Il a défendu les couleurs de l'Ukraine depuis sa jeunesse. Sous le maillot jaune et bleu, il a notamment été champion du monde juniors en 2002 et vice-champion d'Europe en 2010, et a participé à deux jeux Olympiques (2008, 2012). Mais à bientôt 32 ans, Maksim Mazuryk ne se sent plus Ukrainien: "Avant oui. Plus maintenant".
Depuis plusieurs mois, la fédération ukrainienne lui a fait comprendre que pour continuer à représenter son pays, il devait quitter le Donbass, le bassin minier industriel de l'est du pays où le conflit armé entre les forces ukrainiennes et les séparatistes prorusses a fait plus de 5.400 morts depuis avril.
"Je n'ai jamais envisagé de partir ailleurs en Ukraine, assure-t-il. Mon choix n'a pas été difficile. Je suis né ici, ma vie s'est construite ici".
"Cet hiver, il y avait un rassemblement de l'équipe nationale à l'étranger. Quand j'ai demandé un rassemblement plus près d'ici, ils m'ont répondu: +On fait des rassemblements uniquement pour les patriotes+, raconte-t-il. J'ai été rejeté de la sélection parce que je suis de Donetsk, je n'ai pas envie d'y retourner", explique le sportif.
- Entraîneur par correspondance -
Pour lui, pourtant, "le sport dans le Donbass est ukrainien". "Mais il y a trop de politique dans le sport. L'Ukraine fait tout pour compliquer la vie aux athlètes du Donbass", soupire-t-il.

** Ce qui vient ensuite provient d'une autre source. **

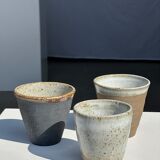 Lot de 3 tasses en céramique indonésienne (noir, mat brun & glacé moucheté)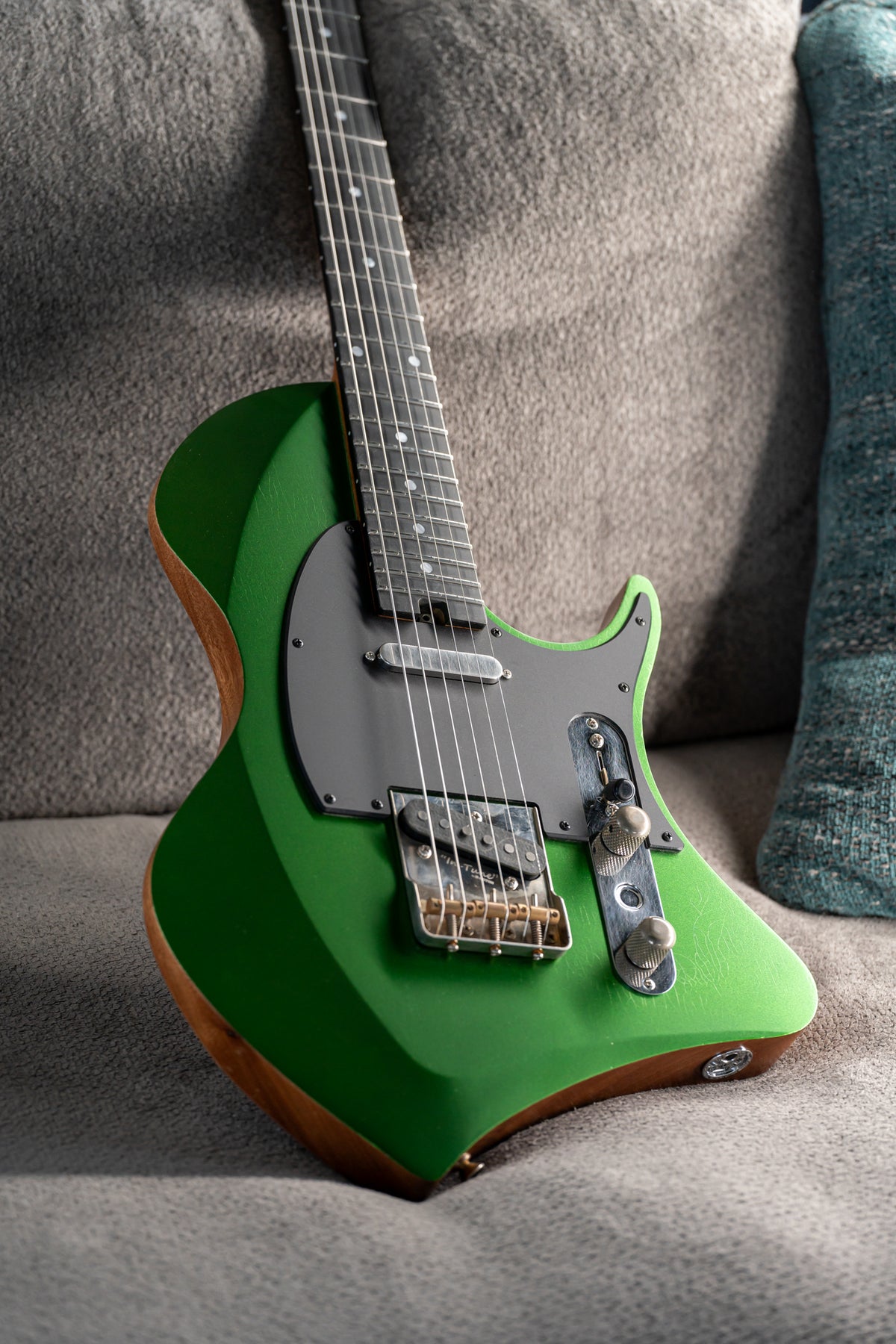 LARADA SPACE T // Emerald Satin [Relic]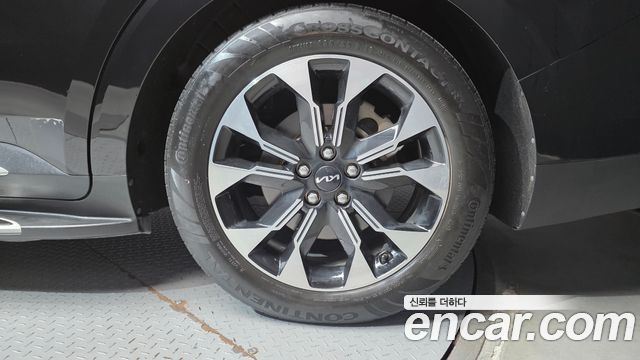 Kia Carnival (IV) Gasoline 9-seater Limousine(Special vehicle) 2022 — фото 21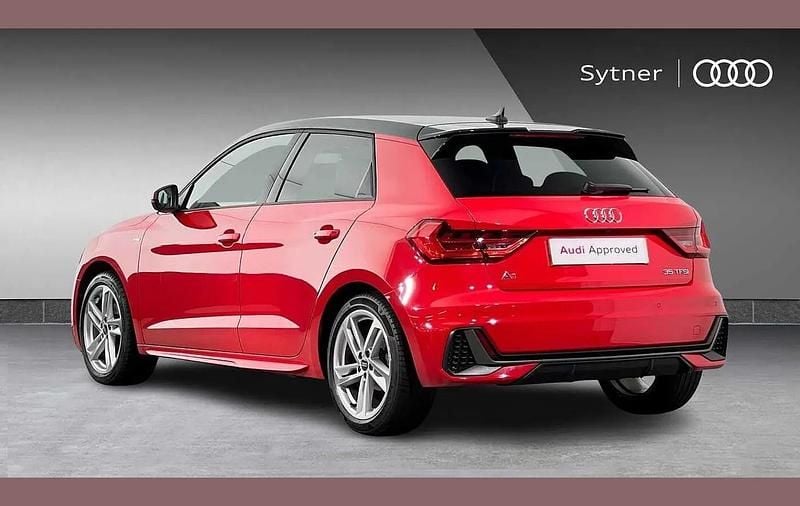 Usado Audi A1 S-Line 147 HP (108 kW) 2023 Vermelho SUV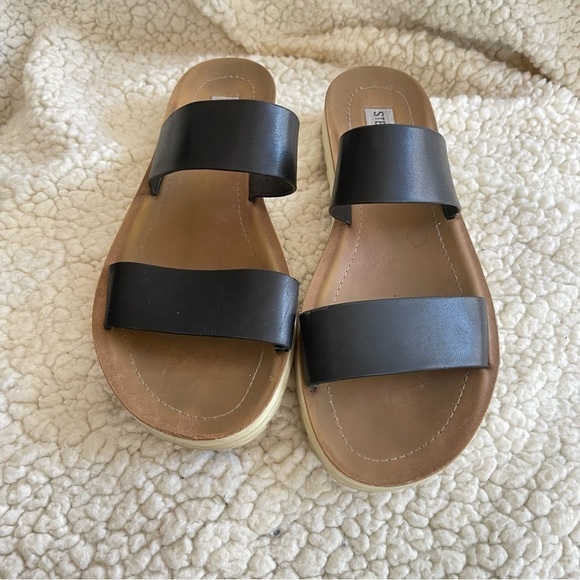 Steve Madden Zaggy Casual Slide Sandal - Picture 2 of 7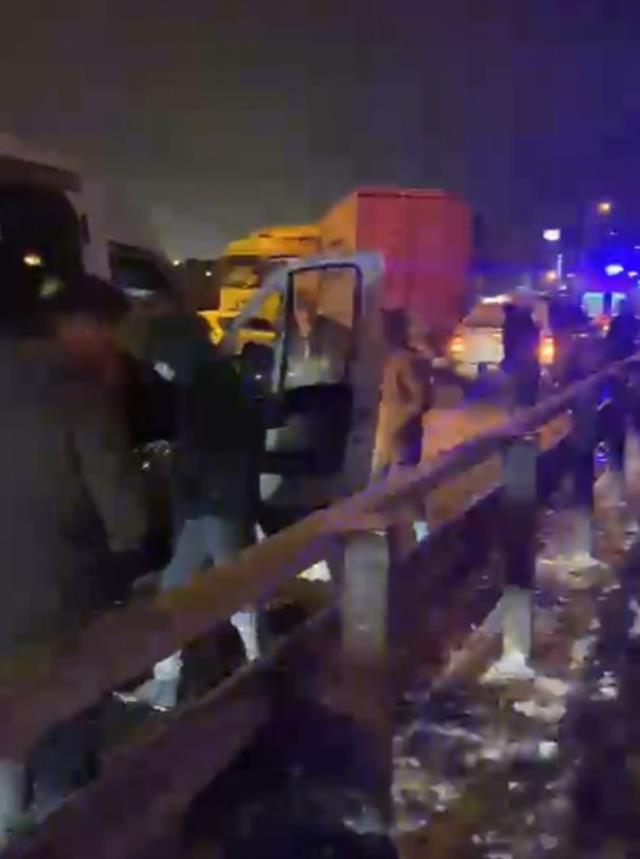 13 araç kazaya karıştı, D100 trafiğe kapatıldı 13 araç kazaya karıştı, D100 trafiğe kapatıldı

Certains ont cédé et rejoint des régions sous contrôle de Kiev. En raison de son choix et de blessures, lui n'a pas participé à une grande compétition depuis fin juillet 2014.
Pour autant, ce grand gaillard d'1,90 m continue à venir chaque jour s'entraîner dans le vétuste mais mythique manège d'athlétisme de Donetsk, où la légende Sergueï Bubka répétait ses gammes avant lui.
"Mes habitudes d'entraînement n'ont pas changé, explique-t-il. Ce qui a changé, c'est le bruit qui accompagne mes séances".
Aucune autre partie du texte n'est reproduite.